Azure / azure-sdk-for-python

This repository is for active development of the Azure SDK for Python. For consumers of the SDK we recommend visiting our public developer docs at https://learn.microsoft.com/python/azure/ or our versioned developer docs at https://azure.github.io/azure-sdk-for-python.
MIT License
4.56k stars 2.78k forks source link

azure-ai-generative[synthetic] Long-running simulator job fails if AOAI connection reset by peer #34961

Open dratcliffe-microsoft opened 6 months ago

dratcliffe-microsoft commented 6 months ago

Describe the bug A long-running an instance of azure.ai.generative.synthetic.simulator.Simulator.simulate_asyc(...) with 1000s of chat templates (mock user profiles) against AOAI GPT-4 dies if the underlying aiohttp-based connection is reset by peer.

To Reproduce Difficult to reproduce outside of the customer's environment, and unclear which peer caused the reset (AML CI running this package, or the AOAI GPT-4 endpoint).

Expected behavior I expected this exception to be caught, logged, and the connection re-tried.
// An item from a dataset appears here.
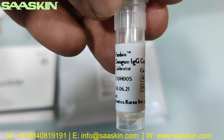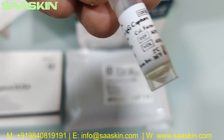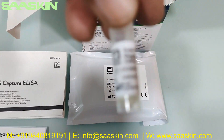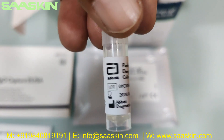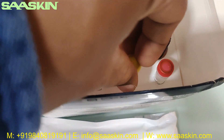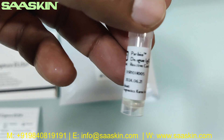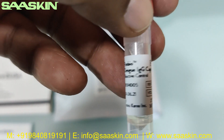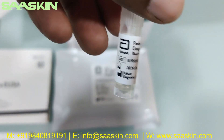The next one is the Panbio Dengue IgG Capture calibrator, and this is 400 microliters. And the last one I have here is the Dengue IgG Capture reactive control — so that is 200 microliters.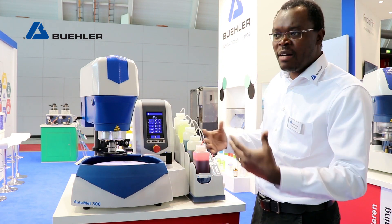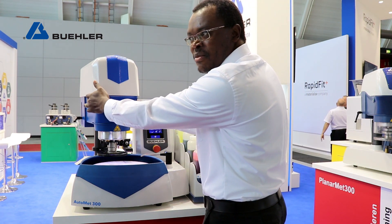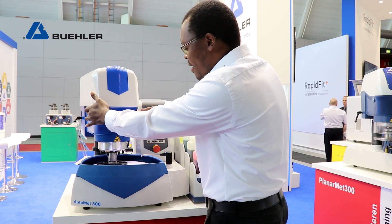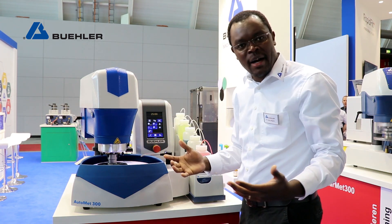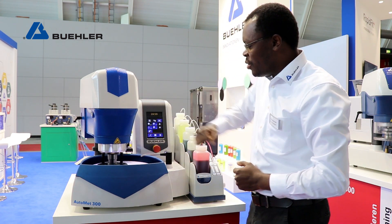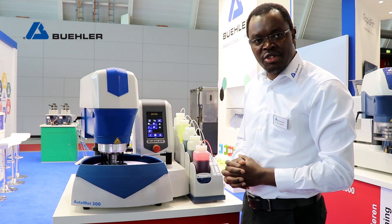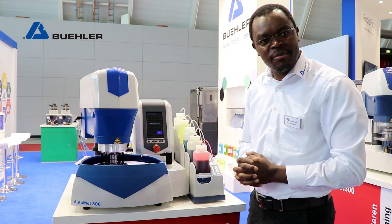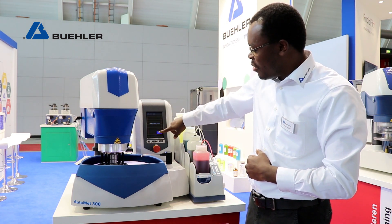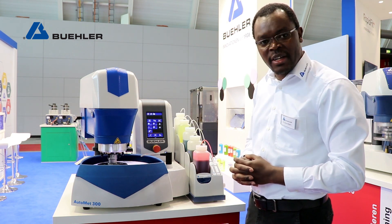Another feature in terms of safety during prep is two-handed starting of the machine, ensuring your hands are in a safe position before you're able to start the machine and any rotating or moveable parts begin. We also have an emergency e-stop button — if something ever goes wrong, you can quickly press that and automatically stop the machine. It intuitively shows you that you are in e-stop mode, and from there you can go back to the starting point.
Instead, the Simulator.simulate_asyc(...) call terminates early, and fails to complete all conversations.

Screenshots

Stacktrace to the exception which caused Simulator.simulate_asyc(...) to terminate early:

...
File "/anaconda/envs/cba2/lib/python3.10/site-packages/azure/ai/generative/synthetic/simulator/_conversation/conversation.py", line 61, in simulate_conversation
    (first_response, request, _, full_response) = await bots[0].generate_response(
  File "/anaconda/envs/cba2/lib/python3.10/site-packages/azure/ai/generative/synthetic/simulator/_conversation/conversation_bot.py", line 142, in generate_response
    response = await self.model.get_conversation_completion(
  File "/anaconda/envs/cba2/lib/python3.10/site-packages/azure/ai/generative/synthetic/simulator/_model_tools/models.py", line 586, in get_conversation_completion
    return await self.request_api(
  File "/anaconda/envs/cba2/lib/python3.10/site-packages/azure/ai/generative/synthetic/simulator/_model_tools/models.py", line 495, in request_api
    async with session.post(
  File "/anaconda/envs/cba2/lib/python3.10/site-packages/aiohttp_retry/client.py", line 149, in __aenter__
    return await self._do_request()
  File "/anaconda/envs/cba2/lib/python3.10/site-packages/aiohttp_retry/client.py", line 138, in _do_request
    raise e
  File "/anaconda/envs/cba2/lib/python3.10/site-packages/aiohttp_retry/client.py", line 100, in _do_request
    response: ClientResponse = await self._request_func(
  File "/anaconda/envs/cba2/lib/python3.10/site-packages/aiohttp/client.py", line 605, in _request
    await resp.start(conn)
  File "/anaconda/envs/cba2/lib/python3.10/site-packages/aiohttp/client_reqrep.py", line 966, in start
    message, payload = await protocol.read()  # type: ignore[union-attr]
  File "/anaconda/envs/cba2/lib/python3.10/site-packages/aiohttp/streams.py", line 622, in read
    await self._waiter
aiohttp.client_exceptions.ClientOSError: [Errno 104] Connection reset by peer

Additional context We (ISE) are currently building an evaluation framework using this package with a customer to stress-test their new AOAI-based CoPilot chat-bot. Early termination of the simulator means the pipeline to generate their synthetic evaluation data is breaking.

@xiaolul

xiangyan99 commented 6 months ago

Thanks for the feedback, we’ll investigate asap.